E. coli can make fuel out of chocolate, children don't actually comprehend TV and sex won't make the baby come any quicker.

E. coli Eat Chocolate, Excrete Electrical Power

Not all alternative fuels are created equal. That’s because not all alternative fuels involve intestinal bacteria consuming candy and then excreting hydrogen. Scientists from the University of Birmingham in the UK have created a method of energy production by feeding chocolate-factory waste—diluted caramel and nougat—to E. coli. After bingeing, the bacteria produced hydrogen, which the researchers harnessed to power a fuel cell that was able to drive a small fan. In a perfect world, the researchers would use chocolate waste to make more chocolate.
(source: New Scientist Tech)

IPOs By Any Other Name

If Wii, the new Nintendo console, were a company, its stock would probably flop soon after its initial public offering. A study by Princeton psychologists shows that a stock’s early performance is influenced by how easily the company’s name or three-letter ticker symbol is pronounced. The researchers asked a group of students how well they thought a series of fictional stocks would perform based only on their names, and were unable to ignore the strong relationship between ease of pronunciation and predicted performance. The scientists then hit the market and found that stocks with pronounceable names are more likely to do well initially but not necessarily in the long run. The researchers caution that people should not change their portfolios based on the study. Right…sounds like somebody wants a bigger piece of the pie.
(source: Princeton University)

Tune In Next Time

Research out of Vanderbilt indicates kids tend to ignore information presented on TV. Researchers told two-year-olds where a toy would be hidden either by giving them information in person or via a recorded video message. Kids who got the information face-to-face found the toy 77% of the time in the first place they looked; only 27% of those who got the message on tape visited the correct location first. The researchers think kids quickly learn to distinguish between socially relevant interaction, which occurs in the flesh, and asocial television. However, when the kids were primed with a live video chat with the researcher, they were able to use the recorded video message to find the hidden toy more effectively. The researchers suggest that educational TV programs make lecturing seem more like a conversation when trying to reach young viewers.
(source: BPS Research Digest Blog)

The Food Coma Explained

British scientists have dug up a biological excuse for those lazy Europeans who nap after lunch. A University of Manchester study says that an intake of glucose can inhibit the neurons, which make the proteins that help regulate consciousness. Problems with these orexin neurons can lead to narcolepsy or obesity. When the brain cells are blocked after a hearty meal, the sated person plummets towards a food coma. Conversely, when one is hungry, and his or her orexins are fully functional, it may be hard for that person to fall asleep.
(source: University of Manchester)

Fight Drugs With…Drugs?

Switzerland’s crazy-liberal policy of offering heroin addicts methadone or buprenorphine as a substitute for their addiction, successfully decreases the number of heroin dependents, according to a new paper published in the Lancet. The number of new Swiss heroin users declined precipitously from 850 new users in 1990 to 150 in 2002. In other, more conservative countries such as the UK, Italy and Australia, the number of new heroin users is on the rise. While the crutch program does wonders for stopping heroin addiction before it starts, it’s not so good at actually helping people quit. The low cessation rate nearly balances out the low start rate, so overall number of Swiss heroin dependents only declines by 4% each year.
(source: Lancet)

Don’t Schtupp Thinking About Tomorrow

Scientists have successfully debunked the old wives tale that having sex in the final weeks of pregnancy can make for a speedy delivery.
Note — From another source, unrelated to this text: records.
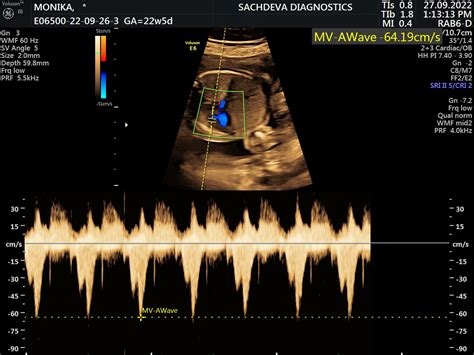 Color Doppler Sachdeva Diagnostics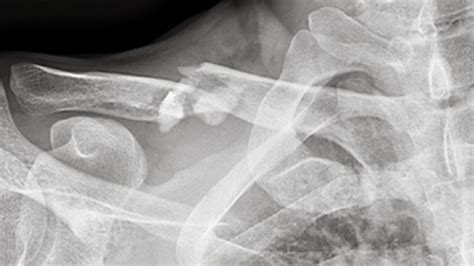 Ever Wondered What A Broken Collarbone Feels Like I Did The Research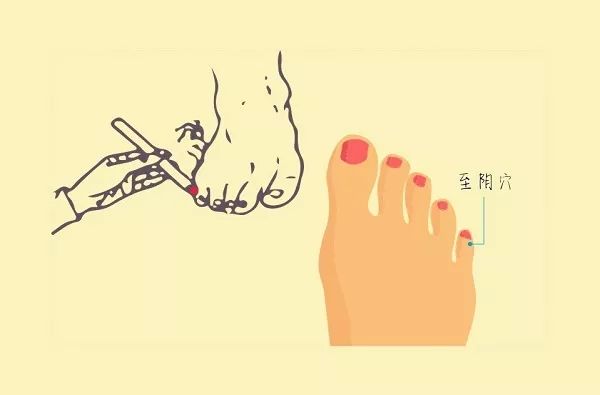 臀位想顺产怎么办,头臀位双胞胎顺产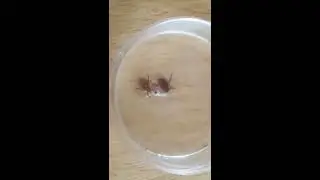 Лучшее средство от клещей своими руками.
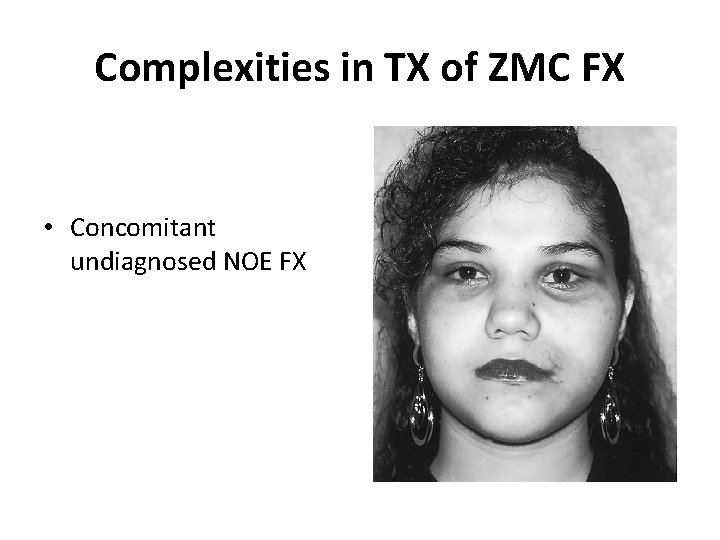 Complexities in TX of ZMC FX • Concomitant undiagnosed NOE FX 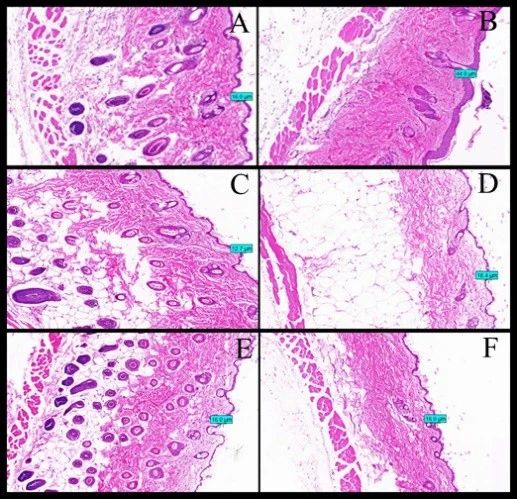 Figure: HE staining results of mouse skin sections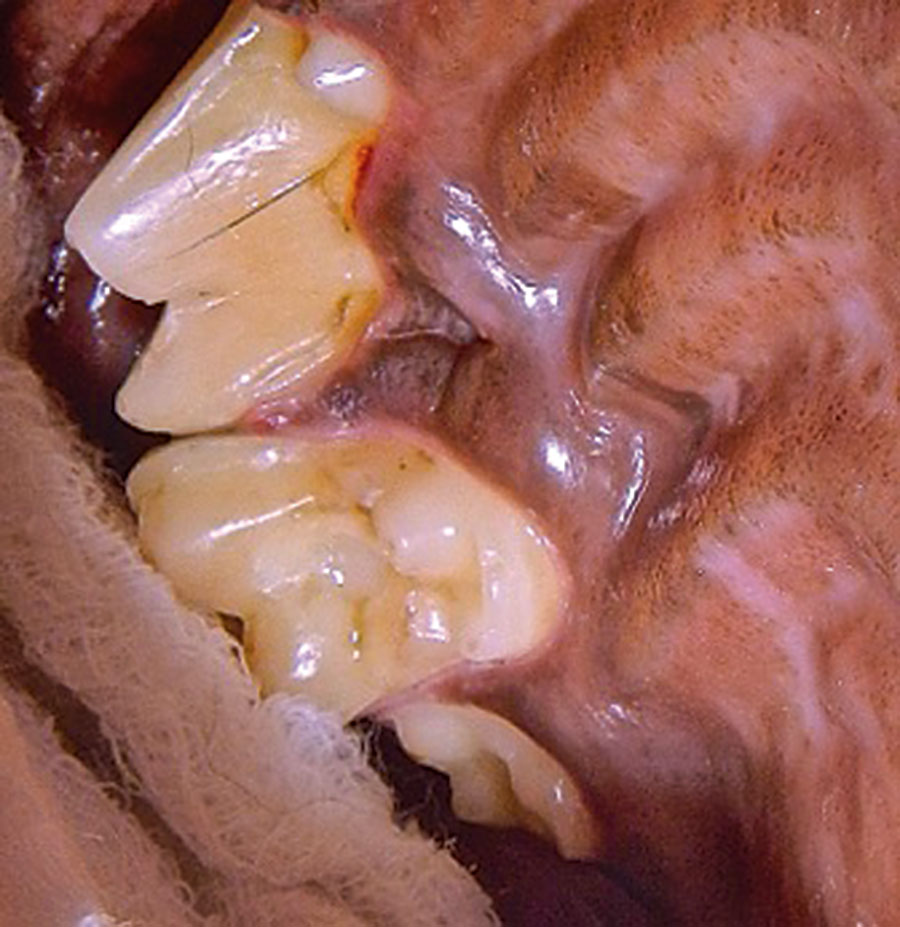 A caries restoration of the right maxillary first molar tooth (tooth 109) of the same dog in Figure 1. A light-cured composite filling material was used to fill the cavity preparation.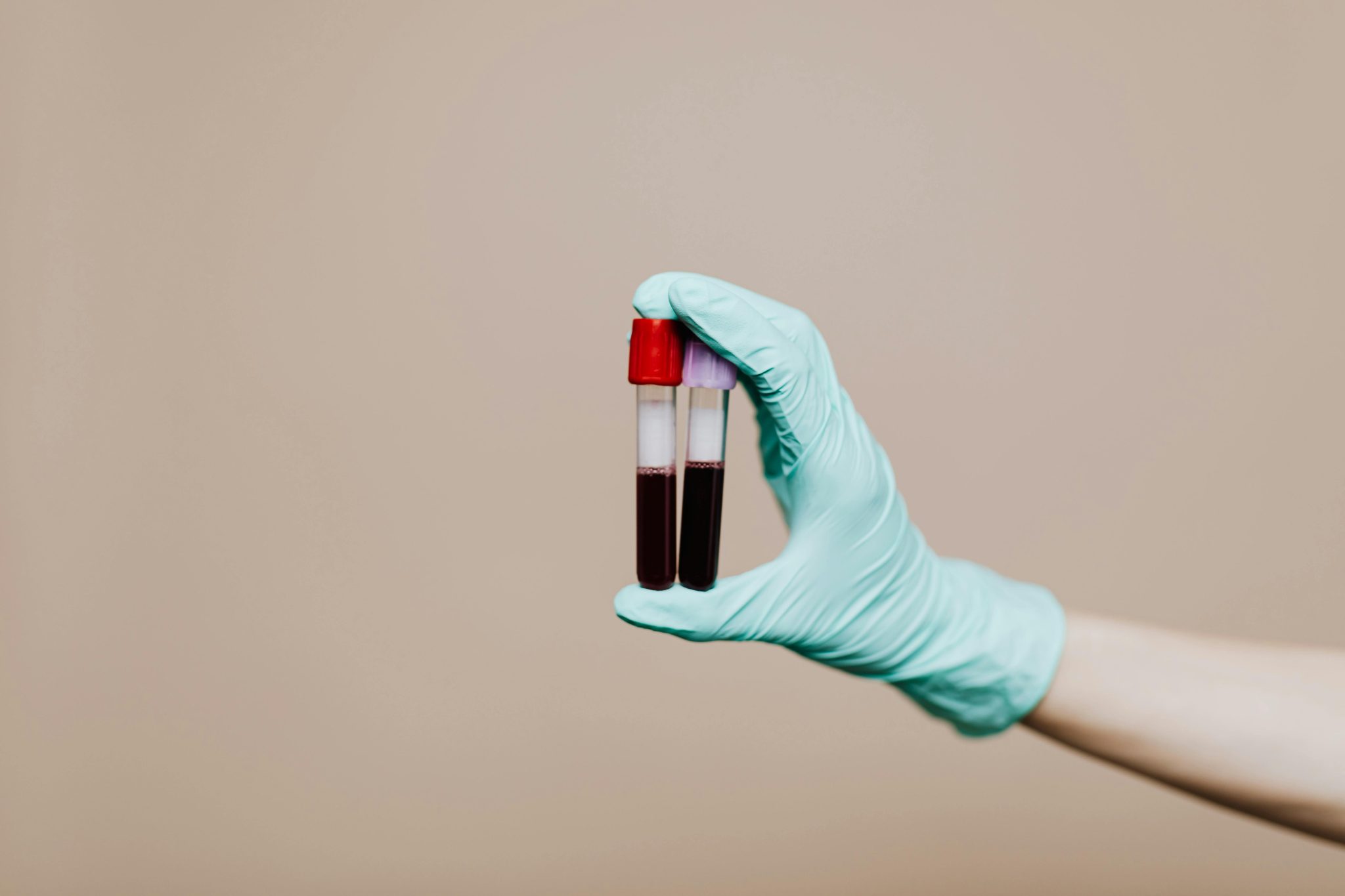 private-blood testing-london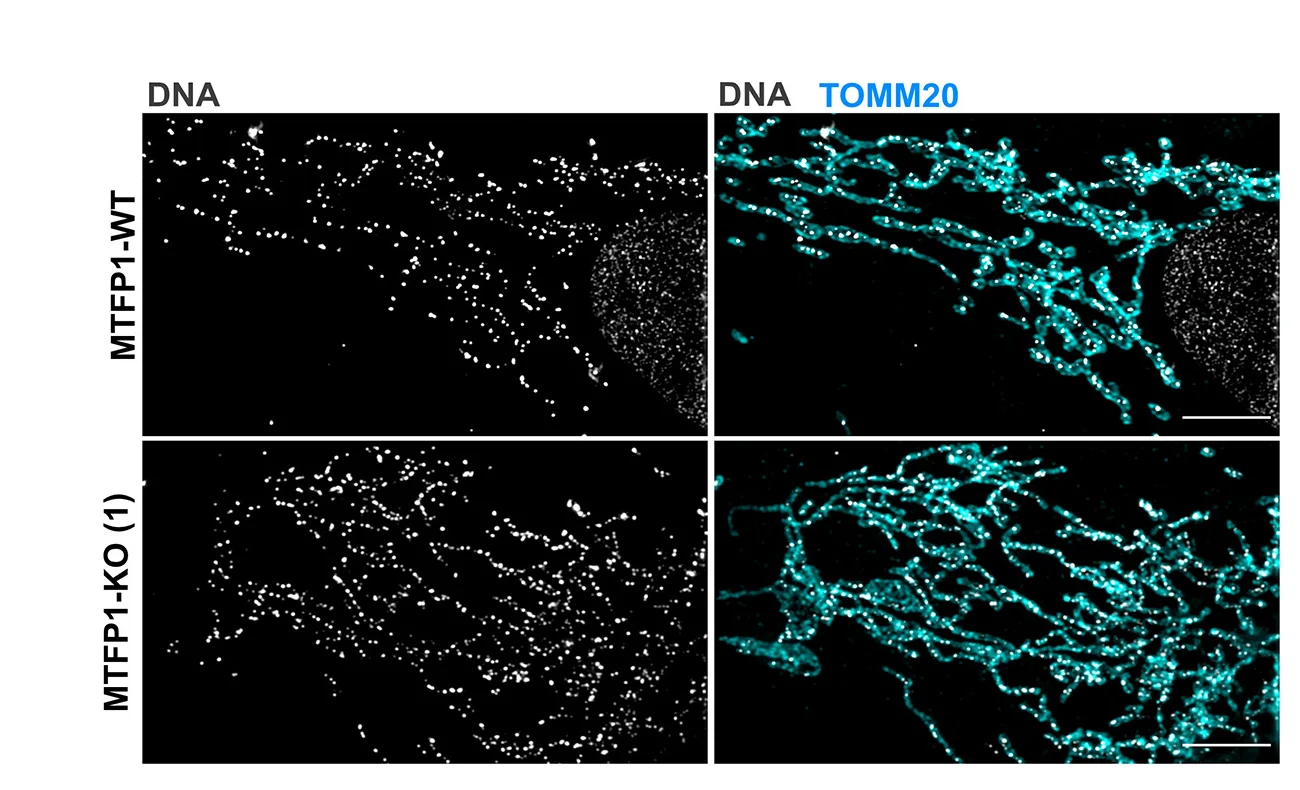 Open access visualization of Microscopy, SIM Images, Mitochondria, mtDNA, Wild Type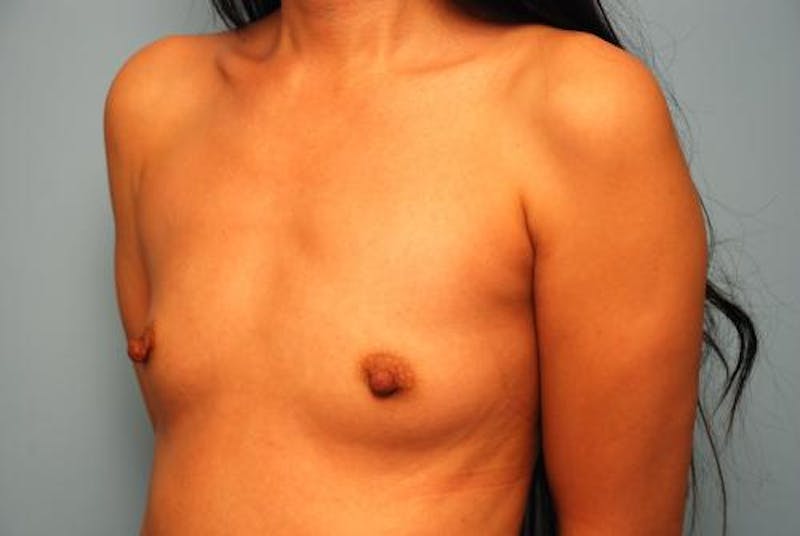 Breast Augmentation Before & After Gallery - Patient 364991 - Image 7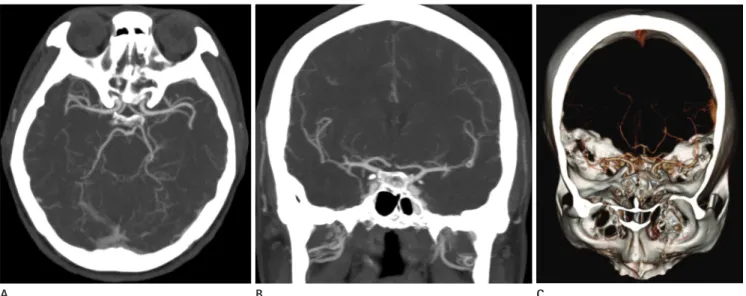 Fig. 1. Cerebral CTA of 38-year-old woman, using the fixed 120-kVp protocol. Axial (A) and coronal (B) maximum intensity projection images  with a slab thickness of 10 mm and volume rendering image (C) were assessed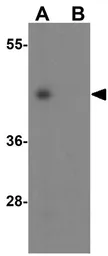 Anti-NP2 antibody used in Western Blot (WB). GTX31338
In a study of 93 women, the ones who had sex near the end of term had an average pregnancy of 39.9 weeks, whereas those who did not averaged 39.3 weeks. The doctors examined the sexually active women to see whether the deed had a “ripening” effect on the cervix and found no correlation between intercourse frequency and size of the cervix or length of pregnancy. The author acknowledged that the study doesn’t examine specific components of sexual behavior that might affect the onset of labor.